_DESCRIPTION OF THE TASK_. Below is a set of records; reproduce them exactly without their pictures.

Captioned web image data

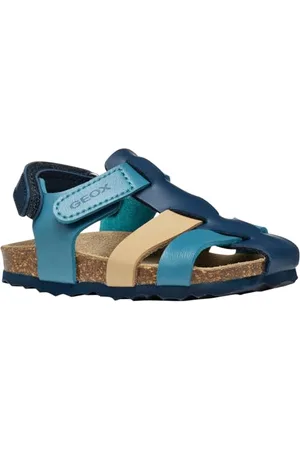 Geox B Sandal CHALKI Boy, Navy/Camel, 25 EU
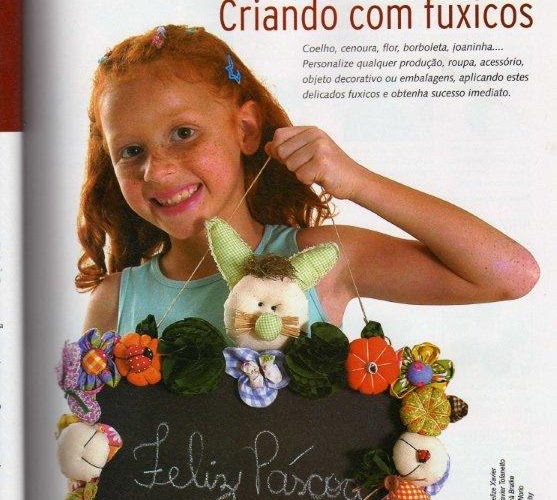 QUADRO DE PÁSCOA COM FUXICO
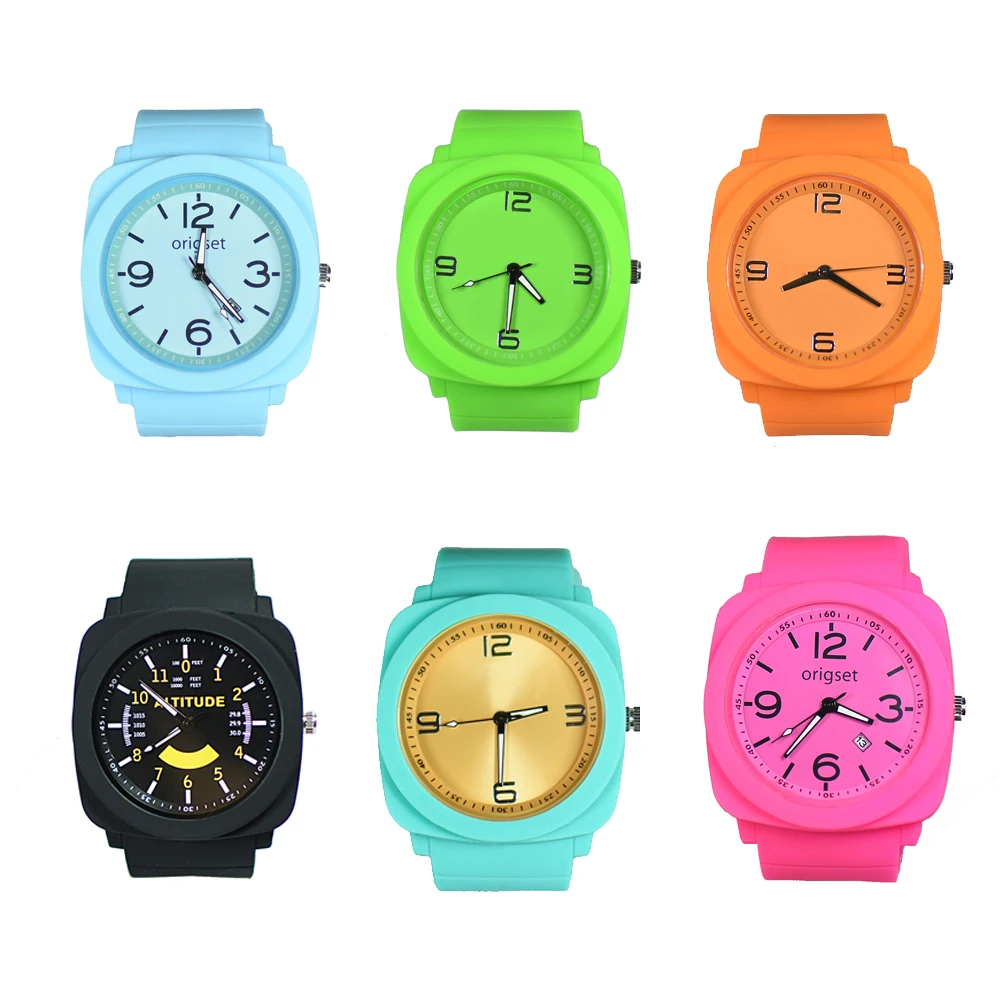 2024  Newest custom logo men watch silicone 3ATM Waterproof Glass Lens stainless steel back waterproof watches for men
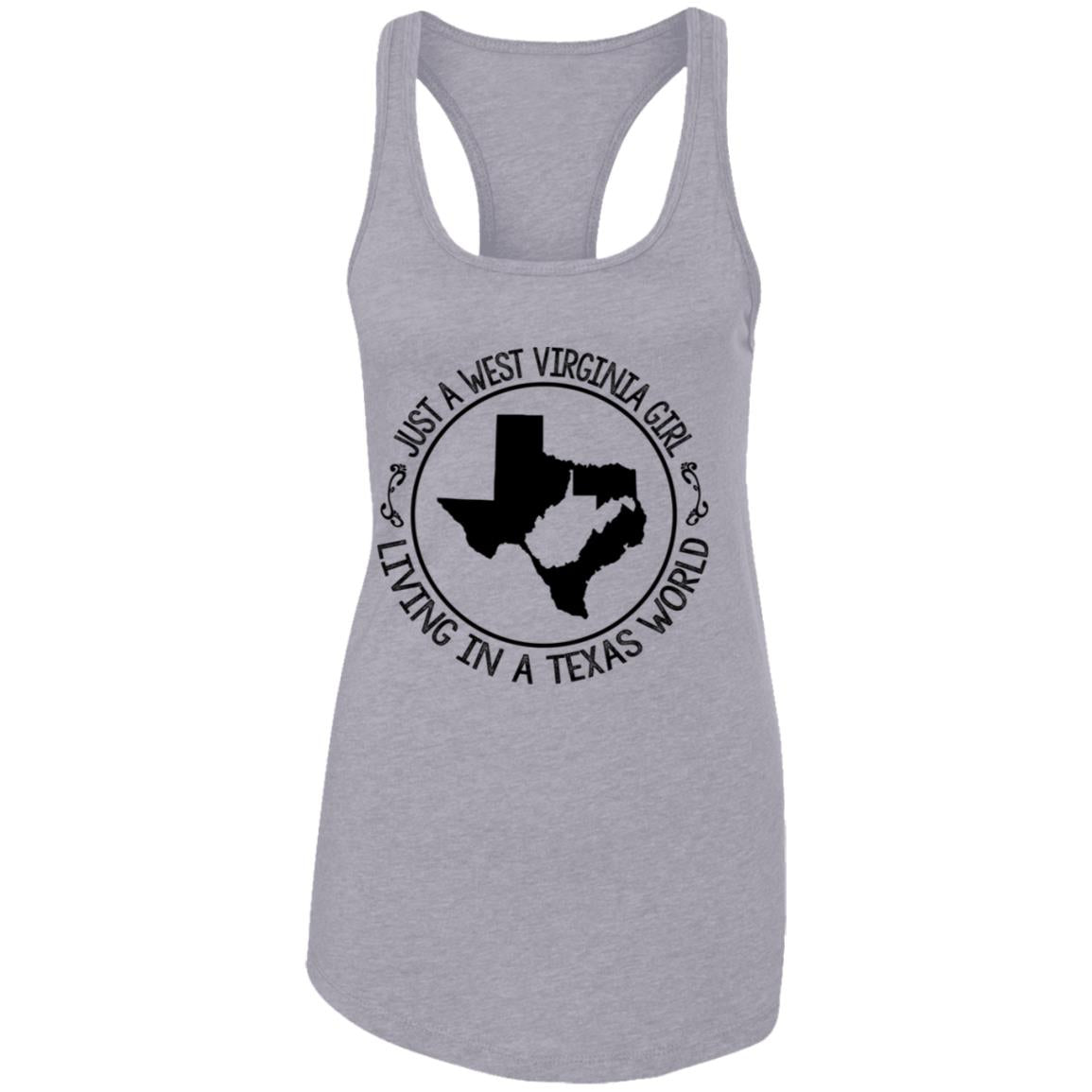 Just A West Virginia Girl Living In A Texas World Hoodie - Hoodie Teezalo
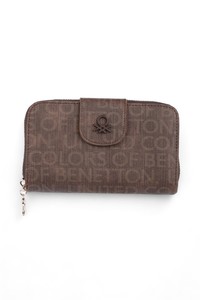 Benetton Monogram Kahve Kadın Portföy & Clutch Çanta BNT1139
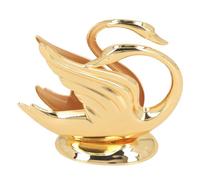 Generic Portatovaglioli in Metallo Dorato Elegante Organizer da Tavolo per Bar, Feste, Lega Robusta per Cucina, Sala da Pranzo, 1 Portatovaglioli (L)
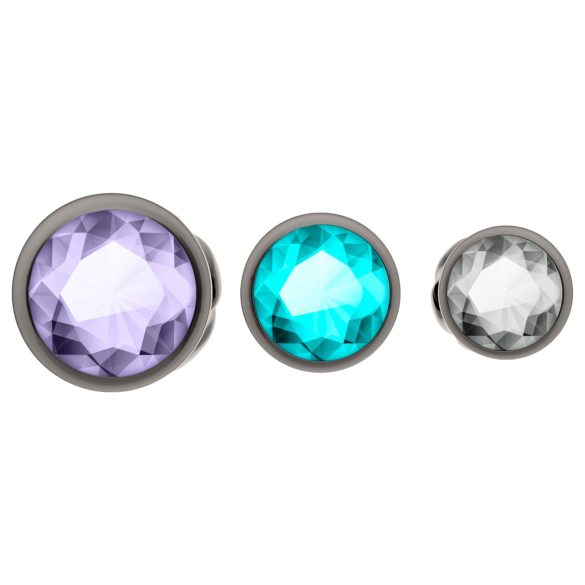 Anos - σετ μεταλλικών πρωκτικών plug - ασημί - για άνδρας και γυναίκα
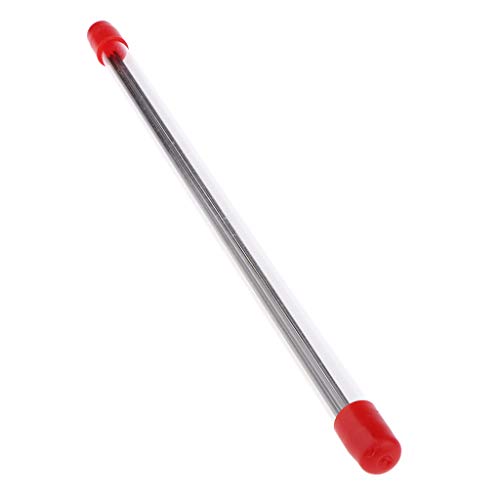 perfeclan 5X Lombriz Taladro Gusano de Sangre de Acero Inoxidable Pin Clips de Señuelos Suaves Cebos de Pesca, 20cm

_ANSWER FOR THIS EXERCISE_.
 Geox B Sandal CHALKI Boy, Navy/Camel, 25 EU
 QUADRO DE PÁSCOA COM FUXICO
 2024  Newest custom logo men watch silicone 3ATM Waterproof Glass Lens stainless steel back waterproof watches for men
 Just A West Virginia Girl Living In A Texas World Hoodie - Hoodie Teezalo
 Benetton Monogram Kahve Kadın Portföy & Clutch Çanta BNT1139
 Generic Portatovaglioli in Metallo Dorato Elegante Organizer da Tavolo per Bar, Feste, Lega Robusta per Cucina, Sala da Pranzo, 1 Portatovaglioli (L)
 Anos - σετ μεταλλικών πρωκτικών plug - ασημί - για άνδρας και γυναίκα
 perfeclan 5X Lombriz Taladro Gusano de Sangre de Acero Inoxidable Pin Clips de Señuelos Suaves Cebos de Pesca, 20cm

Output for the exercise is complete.